October 2023
Alexa Veenema received a MSU ISTB Collaborative Research Grant ($25,000) to establish a collaboration with Co-PI Geoffroy Laumet, neuroimmunologist in the Department of Physiology at MSU, to determine whether social play exposure has beneficial effects on inflammatory pain.
June 2023
Alexa Veenema presented the latest research from the lab at the annual meeting of the Society for Behavioral Neuroendocrinology (SBN) in Tours, France, from June 26-29, 2023.
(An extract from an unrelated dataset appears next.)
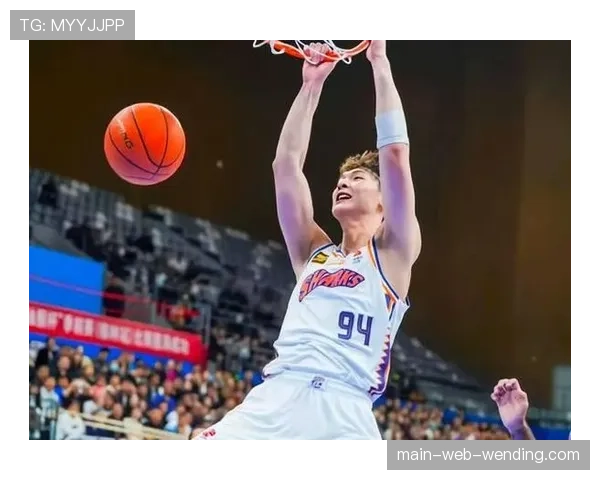 王哲林低位成进攻支点 上海内线优势待激活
Jessica Lee presented her research at the annual meeting of the International Behavioral Neuroscience Society (IBNS) in Niagara Falls, Canada, from June 25-30, 2023
Kira Becker, Morgen Henry, Bella Orsucci, and Alex Shemke presented their research at the annual meeting of the Michigan Chapter Society for Neuroscience at MSU in East Lansing, USA on June 9, 2023 and Kira, Morgen, and Bella won a poster award!
May 2023
UG Alex Shemke received a MSU CSS Provost Undergraduate Research Initiative Award to work in the lab over the summer on a project to determine the role of oxytocin receptor-expressing neurons in the regulation of social play behavior in juvenile male and female rats
GS Jessica Lee and GS Samantha Bowden will present their work at the “Play and the Evolution of Creative Societies” Workshop in Erice, Sicily from May 14-18, 2023.
April 2023
UG Kira Becker and lab technician Bella Orsucci won first prize for their joined poster presentation in the category Neuroscience at the MSU University Undergraduate Research and Arts Forum (UURAF). This was their first poster presentation ever! Congratulations!
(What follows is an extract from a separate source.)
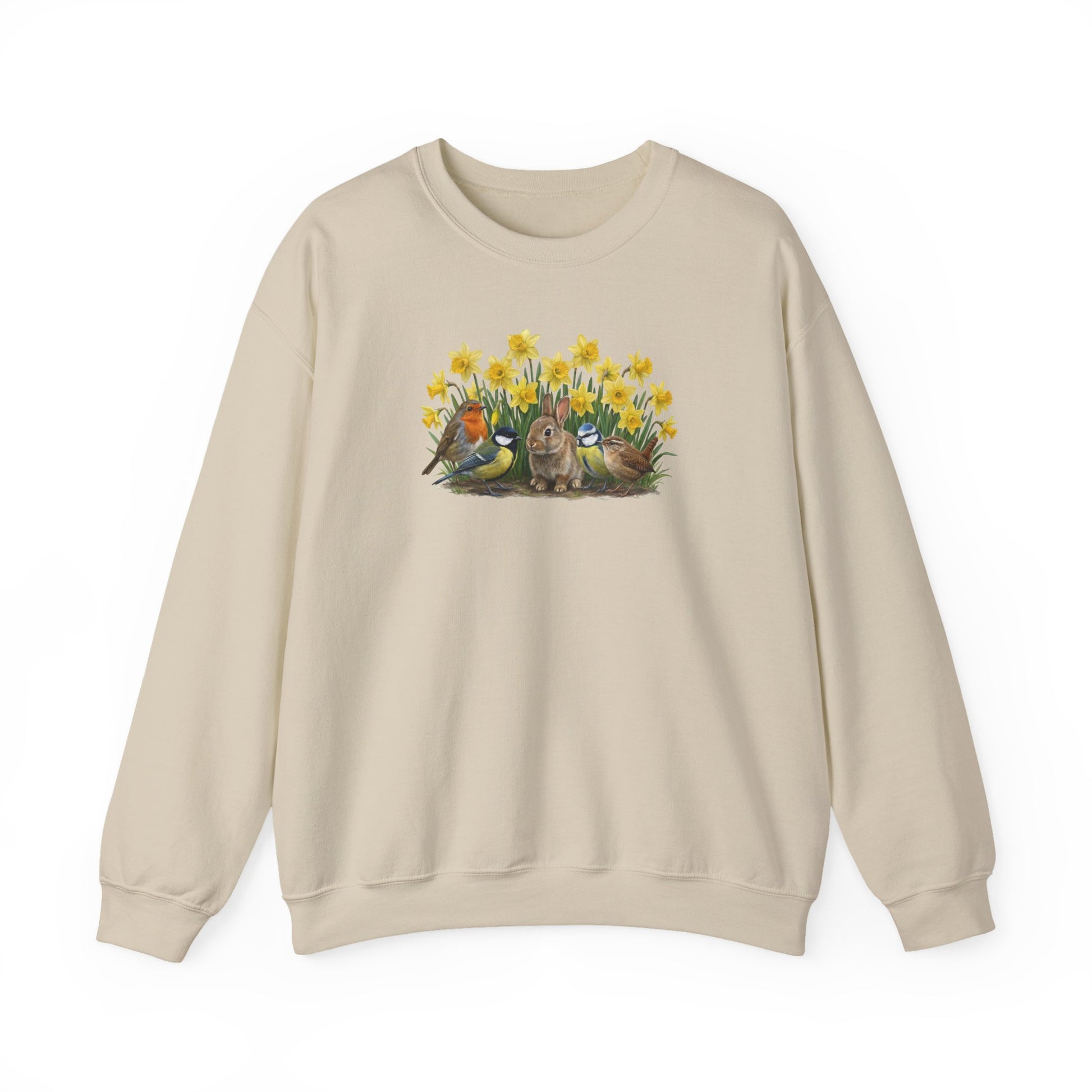 Cremefarbener Sweatshirt mit großem Oster-Motiv auf der Brust: Ein braunes Kaninchen umringt von Rotkehlchen, Meisen, Zaunkönig und gelben Osterglocken.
PI Alexa Veenema gave a talk on the latest research from the lab on the involvement of oxytocin and vasopressin in the neural circuitry of social play at the Neuropeptide Signaling: Bridging Cell Biology, Neurophysiology, and Behavior at the Janelia Research Campus in Ashburn, VA.
March 2023
GS Jessica Lee gave a talk about her research at the Ana G. Mendez University, Carolina, Puerto Rico as part of Neuroscience Day organized by UG Daniela Anderson, BPNP student in the lab.
PD Katie Yoest and lab members published a paper in the journal Hormones & Behavior on the “Development of social recognition ability in female rats: Effect of pubertal ovarian hormones“. In this paper, Katie shows that juvenile female rats do not show adult rat-typical patterns of social recognition in the social discrimination test while juvenile male rats do. This is an important observation because in addition to sex, age seems a variable taken into account when using behavioral tests originally developed for adult male rats. Katie further shows that juvenile female rats begin to show successful social discrimination at adolescence age and that this depends on pubertal ovarian hormones. However, estradiol given to pre-pubertally ovariectomized adult female rats does not restore social discrimination, suggesting a more complex involvement of multiple ovarian hormones in the adolescent onset of social discrimination in female rats. Notably, juvenile female rats showed social recognition in the habituation-dishabituation test, suggesting intact social recognition at this age. Overall, findings indicate to be aware that a widely used behavioral test might work differently when changing sex, age, and potentially other factors of the experimental organism.